Exercise goal — Include in the output exactly the lines from the opening of the data through the line containing "Super Mario Bluetooth", and nothing more.

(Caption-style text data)
——

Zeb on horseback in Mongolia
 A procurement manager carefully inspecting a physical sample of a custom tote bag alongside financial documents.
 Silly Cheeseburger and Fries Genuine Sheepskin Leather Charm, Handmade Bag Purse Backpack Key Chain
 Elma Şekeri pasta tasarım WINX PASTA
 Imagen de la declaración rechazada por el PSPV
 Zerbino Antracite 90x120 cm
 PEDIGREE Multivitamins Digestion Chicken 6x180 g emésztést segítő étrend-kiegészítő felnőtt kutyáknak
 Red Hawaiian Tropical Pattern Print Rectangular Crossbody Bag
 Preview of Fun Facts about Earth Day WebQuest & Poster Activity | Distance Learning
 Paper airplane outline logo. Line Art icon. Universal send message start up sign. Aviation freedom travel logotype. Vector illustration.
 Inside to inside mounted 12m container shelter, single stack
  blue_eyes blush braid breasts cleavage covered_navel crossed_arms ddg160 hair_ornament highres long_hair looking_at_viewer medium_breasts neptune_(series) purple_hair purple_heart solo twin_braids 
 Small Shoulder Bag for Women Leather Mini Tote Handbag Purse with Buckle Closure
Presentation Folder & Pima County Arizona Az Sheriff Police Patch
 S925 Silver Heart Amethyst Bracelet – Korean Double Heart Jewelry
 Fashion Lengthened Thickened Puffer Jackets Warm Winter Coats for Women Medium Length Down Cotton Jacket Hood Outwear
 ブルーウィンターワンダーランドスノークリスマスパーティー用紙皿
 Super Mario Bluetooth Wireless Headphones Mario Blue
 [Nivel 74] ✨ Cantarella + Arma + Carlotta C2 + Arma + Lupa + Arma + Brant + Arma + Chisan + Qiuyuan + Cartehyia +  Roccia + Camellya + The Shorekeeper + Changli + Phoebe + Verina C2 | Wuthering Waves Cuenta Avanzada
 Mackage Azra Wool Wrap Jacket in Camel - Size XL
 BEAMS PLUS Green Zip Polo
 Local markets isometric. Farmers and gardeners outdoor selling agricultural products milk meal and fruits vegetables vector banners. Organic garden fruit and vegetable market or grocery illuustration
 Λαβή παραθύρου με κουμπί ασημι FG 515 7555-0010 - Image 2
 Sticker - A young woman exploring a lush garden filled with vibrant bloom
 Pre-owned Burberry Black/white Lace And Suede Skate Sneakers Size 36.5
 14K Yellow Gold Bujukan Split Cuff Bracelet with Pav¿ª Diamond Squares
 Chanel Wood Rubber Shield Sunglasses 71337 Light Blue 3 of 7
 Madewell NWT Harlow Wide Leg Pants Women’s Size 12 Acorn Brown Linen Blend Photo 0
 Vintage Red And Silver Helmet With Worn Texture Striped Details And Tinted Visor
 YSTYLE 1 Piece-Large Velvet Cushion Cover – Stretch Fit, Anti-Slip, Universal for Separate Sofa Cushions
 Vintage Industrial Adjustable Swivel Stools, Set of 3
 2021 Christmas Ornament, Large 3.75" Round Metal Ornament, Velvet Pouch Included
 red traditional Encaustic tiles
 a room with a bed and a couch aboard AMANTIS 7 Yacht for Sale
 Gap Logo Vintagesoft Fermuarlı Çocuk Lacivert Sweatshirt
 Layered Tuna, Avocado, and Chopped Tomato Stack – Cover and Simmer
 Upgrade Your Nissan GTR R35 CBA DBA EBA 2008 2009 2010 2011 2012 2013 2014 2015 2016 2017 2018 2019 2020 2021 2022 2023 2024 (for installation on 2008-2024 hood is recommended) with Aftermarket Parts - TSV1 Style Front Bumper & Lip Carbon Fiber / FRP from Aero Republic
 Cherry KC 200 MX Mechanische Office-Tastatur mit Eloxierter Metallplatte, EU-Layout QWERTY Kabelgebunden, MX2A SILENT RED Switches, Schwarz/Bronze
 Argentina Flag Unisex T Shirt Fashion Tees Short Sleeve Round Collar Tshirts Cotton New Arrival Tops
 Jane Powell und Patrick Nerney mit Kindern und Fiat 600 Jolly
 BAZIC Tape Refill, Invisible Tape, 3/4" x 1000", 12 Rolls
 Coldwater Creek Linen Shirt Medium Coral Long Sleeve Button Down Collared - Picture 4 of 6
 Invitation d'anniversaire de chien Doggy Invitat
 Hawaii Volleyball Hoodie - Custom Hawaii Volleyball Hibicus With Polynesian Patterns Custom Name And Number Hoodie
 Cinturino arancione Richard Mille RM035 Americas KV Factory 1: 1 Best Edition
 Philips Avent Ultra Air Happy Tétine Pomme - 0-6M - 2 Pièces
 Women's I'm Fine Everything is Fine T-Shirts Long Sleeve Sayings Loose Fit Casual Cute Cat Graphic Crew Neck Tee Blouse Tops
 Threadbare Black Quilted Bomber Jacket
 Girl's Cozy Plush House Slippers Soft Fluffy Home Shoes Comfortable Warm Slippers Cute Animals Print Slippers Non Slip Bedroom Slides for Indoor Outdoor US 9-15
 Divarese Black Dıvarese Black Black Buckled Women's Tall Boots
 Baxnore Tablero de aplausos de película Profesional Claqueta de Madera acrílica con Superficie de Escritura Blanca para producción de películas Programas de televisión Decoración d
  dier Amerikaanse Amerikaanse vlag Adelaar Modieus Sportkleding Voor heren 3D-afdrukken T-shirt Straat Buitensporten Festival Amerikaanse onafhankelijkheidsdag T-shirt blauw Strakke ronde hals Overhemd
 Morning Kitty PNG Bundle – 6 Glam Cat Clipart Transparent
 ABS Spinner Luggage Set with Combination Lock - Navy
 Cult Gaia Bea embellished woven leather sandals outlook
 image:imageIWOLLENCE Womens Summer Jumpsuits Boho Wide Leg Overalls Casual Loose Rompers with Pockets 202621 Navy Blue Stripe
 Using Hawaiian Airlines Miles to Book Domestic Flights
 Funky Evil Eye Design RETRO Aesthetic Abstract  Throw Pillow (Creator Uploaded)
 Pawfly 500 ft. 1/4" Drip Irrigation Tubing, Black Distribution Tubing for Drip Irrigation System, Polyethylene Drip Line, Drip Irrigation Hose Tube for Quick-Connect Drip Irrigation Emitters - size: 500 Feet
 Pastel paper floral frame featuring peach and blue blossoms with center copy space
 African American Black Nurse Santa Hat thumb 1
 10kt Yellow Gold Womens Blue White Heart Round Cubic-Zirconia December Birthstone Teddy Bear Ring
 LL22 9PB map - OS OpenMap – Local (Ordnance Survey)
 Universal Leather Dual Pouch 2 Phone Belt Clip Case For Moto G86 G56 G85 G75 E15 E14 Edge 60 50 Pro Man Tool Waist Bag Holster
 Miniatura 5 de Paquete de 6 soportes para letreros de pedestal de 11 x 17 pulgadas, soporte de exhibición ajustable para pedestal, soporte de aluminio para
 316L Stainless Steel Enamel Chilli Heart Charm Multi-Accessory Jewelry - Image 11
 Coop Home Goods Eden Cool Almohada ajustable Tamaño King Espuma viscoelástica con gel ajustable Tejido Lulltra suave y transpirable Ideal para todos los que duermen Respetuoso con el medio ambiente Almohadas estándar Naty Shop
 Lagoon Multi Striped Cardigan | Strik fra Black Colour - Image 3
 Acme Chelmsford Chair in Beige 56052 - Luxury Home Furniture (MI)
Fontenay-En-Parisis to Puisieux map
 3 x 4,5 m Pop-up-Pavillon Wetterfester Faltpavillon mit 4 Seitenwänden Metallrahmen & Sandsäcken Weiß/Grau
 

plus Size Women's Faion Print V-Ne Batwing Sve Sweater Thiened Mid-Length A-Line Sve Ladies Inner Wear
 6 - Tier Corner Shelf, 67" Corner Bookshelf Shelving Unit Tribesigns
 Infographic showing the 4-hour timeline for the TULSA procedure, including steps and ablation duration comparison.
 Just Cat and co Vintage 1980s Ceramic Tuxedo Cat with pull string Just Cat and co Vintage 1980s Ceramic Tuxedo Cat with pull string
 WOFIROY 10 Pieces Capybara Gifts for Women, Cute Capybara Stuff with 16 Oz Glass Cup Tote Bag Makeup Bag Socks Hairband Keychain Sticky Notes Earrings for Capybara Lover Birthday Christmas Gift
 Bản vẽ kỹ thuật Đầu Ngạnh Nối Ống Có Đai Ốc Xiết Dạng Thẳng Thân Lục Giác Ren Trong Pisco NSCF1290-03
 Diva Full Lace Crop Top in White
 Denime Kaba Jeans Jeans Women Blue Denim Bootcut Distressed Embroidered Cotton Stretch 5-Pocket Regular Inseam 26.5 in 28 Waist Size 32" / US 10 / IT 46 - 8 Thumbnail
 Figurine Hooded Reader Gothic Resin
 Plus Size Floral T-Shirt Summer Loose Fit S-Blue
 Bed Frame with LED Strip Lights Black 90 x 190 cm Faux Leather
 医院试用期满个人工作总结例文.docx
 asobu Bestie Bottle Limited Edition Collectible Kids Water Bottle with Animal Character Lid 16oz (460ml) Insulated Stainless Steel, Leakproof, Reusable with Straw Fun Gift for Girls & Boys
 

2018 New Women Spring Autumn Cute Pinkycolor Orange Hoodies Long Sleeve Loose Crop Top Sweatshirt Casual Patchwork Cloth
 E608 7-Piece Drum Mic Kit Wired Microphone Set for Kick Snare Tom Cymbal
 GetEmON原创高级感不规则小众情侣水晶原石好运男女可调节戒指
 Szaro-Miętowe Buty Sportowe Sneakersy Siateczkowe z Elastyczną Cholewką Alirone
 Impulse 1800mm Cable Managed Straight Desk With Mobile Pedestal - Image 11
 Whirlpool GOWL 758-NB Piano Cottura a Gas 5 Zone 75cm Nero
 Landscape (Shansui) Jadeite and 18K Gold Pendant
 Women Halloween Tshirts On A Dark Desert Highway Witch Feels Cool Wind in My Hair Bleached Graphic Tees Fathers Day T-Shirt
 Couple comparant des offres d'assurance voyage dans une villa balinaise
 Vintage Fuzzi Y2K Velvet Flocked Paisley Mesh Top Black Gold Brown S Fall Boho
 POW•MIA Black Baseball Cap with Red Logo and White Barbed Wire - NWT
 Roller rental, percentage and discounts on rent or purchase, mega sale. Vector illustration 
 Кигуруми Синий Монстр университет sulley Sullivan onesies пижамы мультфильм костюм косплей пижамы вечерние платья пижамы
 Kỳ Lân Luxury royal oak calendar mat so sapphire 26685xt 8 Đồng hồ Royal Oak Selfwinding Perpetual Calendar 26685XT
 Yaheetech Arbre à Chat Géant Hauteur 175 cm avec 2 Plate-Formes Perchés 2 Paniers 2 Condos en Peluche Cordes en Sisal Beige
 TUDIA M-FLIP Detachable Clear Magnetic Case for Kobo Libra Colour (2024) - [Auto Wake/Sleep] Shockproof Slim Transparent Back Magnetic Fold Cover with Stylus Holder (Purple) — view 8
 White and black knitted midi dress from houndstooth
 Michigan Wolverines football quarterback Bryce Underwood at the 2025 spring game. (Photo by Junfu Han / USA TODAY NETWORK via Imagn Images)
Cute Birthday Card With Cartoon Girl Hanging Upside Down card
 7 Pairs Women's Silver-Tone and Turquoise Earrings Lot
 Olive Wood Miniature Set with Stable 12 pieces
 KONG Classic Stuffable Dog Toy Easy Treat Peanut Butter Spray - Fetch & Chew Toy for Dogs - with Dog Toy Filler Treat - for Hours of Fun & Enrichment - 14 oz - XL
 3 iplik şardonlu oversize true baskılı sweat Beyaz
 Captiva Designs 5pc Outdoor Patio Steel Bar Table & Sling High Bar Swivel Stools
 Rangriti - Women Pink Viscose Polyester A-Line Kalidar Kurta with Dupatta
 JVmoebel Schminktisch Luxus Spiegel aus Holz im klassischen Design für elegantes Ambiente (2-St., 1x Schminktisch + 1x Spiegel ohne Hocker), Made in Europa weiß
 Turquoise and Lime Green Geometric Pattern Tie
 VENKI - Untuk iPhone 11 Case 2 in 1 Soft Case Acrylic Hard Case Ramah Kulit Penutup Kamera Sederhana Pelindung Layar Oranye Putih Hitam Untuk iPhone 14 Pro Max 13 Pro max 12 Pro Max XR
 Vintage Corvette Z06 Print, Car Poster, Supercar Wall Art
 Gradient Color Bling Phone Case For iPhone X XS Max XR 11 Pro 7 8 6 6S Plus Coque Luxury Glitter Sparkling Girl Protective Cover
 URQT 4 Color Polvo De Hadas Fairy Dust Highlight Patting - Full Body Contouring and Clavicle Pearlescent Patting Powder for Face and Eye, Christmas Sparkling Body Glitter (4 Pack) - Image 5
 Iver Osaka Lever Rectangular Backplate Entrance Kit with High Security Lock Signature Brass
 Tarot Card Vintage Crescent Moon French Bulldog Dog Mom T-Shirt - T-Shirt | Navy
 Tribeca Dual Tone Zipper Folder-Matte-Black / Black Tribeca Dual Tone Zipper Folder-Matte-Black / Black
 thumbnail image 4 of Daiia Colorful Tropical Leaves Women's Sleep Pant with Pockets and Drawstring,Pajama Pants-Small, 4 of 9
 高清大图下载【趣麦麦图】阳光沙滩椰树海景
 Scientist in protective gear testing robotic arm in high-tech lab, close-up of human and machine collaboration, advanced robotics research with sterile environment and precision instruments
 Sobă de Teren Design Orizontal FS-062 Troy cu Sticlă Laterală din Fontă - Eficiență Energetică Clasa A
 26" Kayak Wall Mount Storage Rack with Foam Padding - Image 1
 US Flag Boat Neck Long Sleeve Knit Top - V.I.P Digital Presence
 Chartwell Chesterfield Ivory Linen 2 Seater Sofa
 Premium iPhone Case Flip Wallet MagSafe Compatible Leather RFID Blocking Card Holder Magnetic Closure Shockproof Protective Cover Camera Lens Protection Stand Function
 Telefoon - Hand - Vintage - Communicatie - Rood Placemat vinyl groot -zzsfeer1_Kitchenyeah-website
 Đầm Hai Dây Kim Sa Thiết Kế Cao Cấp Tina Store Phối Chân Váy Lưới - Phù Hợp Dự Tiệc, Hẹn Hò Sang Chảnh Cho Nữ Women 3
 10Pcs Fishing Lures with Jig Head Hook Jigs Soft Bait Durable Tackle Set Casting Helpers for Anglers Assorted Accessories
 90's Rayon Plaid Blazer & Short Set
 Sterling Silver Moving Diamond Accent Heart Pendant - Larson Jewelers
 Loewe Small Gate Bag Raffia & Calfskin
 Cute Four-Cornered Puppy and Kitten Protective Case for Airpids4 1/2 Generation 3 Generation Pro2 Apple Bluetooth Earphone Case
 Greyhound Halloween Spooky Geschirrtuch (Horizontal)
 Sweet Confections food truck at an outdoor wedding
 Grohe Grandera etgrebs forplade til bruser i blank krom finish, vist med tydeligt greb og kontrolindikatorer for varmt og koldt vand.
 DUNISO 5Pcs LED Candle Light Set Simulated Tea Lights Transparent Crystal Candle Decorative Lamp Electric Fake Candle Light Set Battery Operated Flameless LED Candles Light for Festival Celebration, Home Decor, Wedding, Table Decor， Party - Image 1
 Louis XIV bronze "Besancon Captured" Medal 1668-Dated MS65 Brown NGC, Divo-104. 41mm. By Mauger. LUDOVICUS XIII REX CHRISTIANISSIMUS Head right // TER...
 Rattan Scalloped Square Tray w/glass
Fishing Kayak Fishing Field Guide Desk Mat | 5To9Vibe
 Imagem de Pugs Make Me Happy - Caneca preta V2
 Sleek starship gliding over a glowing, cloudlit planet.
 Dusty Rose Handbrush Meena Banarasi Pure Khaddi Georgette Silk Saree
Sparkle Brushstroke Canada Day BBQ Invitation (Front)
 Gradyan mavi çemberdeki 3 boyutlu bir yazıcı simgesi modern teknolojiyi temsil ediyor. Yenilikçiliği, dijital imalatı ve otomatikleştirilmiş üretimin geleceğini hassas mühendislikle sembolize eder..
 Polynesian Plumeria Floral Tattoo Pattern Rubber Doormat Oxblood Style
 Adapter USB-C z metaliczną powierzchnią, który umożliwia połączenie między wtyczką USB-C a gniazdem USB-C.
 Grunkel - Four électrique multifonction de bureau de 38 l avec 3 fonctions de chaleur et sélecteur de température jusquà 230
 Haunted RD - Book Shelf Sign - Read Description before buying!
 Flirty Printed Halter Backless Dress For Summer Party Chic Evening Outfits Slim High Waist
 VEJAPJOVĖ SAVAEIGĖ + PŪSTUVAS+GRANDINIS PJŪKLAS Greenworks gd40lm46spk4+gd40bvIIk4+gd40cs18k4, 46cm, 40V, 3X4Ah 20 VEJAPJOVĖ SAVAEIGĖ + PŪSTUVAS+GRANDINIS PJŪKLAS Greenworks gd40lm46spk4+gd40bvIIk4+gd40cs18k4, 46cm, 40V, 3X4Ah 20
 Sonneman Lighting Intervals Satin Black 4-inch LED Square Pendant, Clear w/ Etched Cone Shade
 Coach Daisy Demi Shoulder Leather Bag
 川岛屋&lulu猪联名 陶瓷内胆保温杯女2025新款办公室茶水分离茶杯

——

Exercise output —
Zeb on horseback in Mongolia
 A procurement manager carefully inspecting a physical sample of a custom tote bag alongside financial documents.
 Silly Cheeseburger and Fries Genuine Sheepskin Leather Charm, Handmade Bag Purse Backpack Key Chain
 Elma Şekeri pasta tasarım WINX PASTA
 Imagen de la declaración rechazada por el PSPV
 Zerbino Antracite 90x120 cm
 PEDIGREE Multivitamins Digestion Chicken 6x180 g emésztést segítő étrend-kiegészítő felnőtt kutyáknak
 Red Hawaiian Tropical Pattern Print Rectangular Crossbody Bag
 Preview of Fun Facts about Earth Day WebQuest & Poster Activity | Distance Learning
 Paper airplane outline logo. Line Art icon. Universal send message start up sign. Aviation freedom travel logotype. Vector illustration.
 Inside to inside mounted 12m container shelter, single stack
  blue_eyes blush braid breasts cleavage covered_navel crossed_arms ddg160 hair_ornament highres long_hair looking_at_viewer medium_breasts neptune_(series) purple_hair purple_heart solo twin_braids 
 Small Shoulder Bag for Women Leather Mini Tote Handbag Purse with Buckle Closure
Presentation Folder & Pima County Arizona Az Sheriff Police Patch
 S925 Silver Heart Amethyst Bracelet – Korean Double Heart Jewelry
 Fashion Lengthened Thickened Puffer Jackets Warm Winter Coats for Women Medium Length Down Cotton Jacket Hood Outwear
 ブルーウィンターワンダーランドスノークリスマスパーティー用紙皿
 Super Mario Bluetooth Wireless Headphones Mario Blue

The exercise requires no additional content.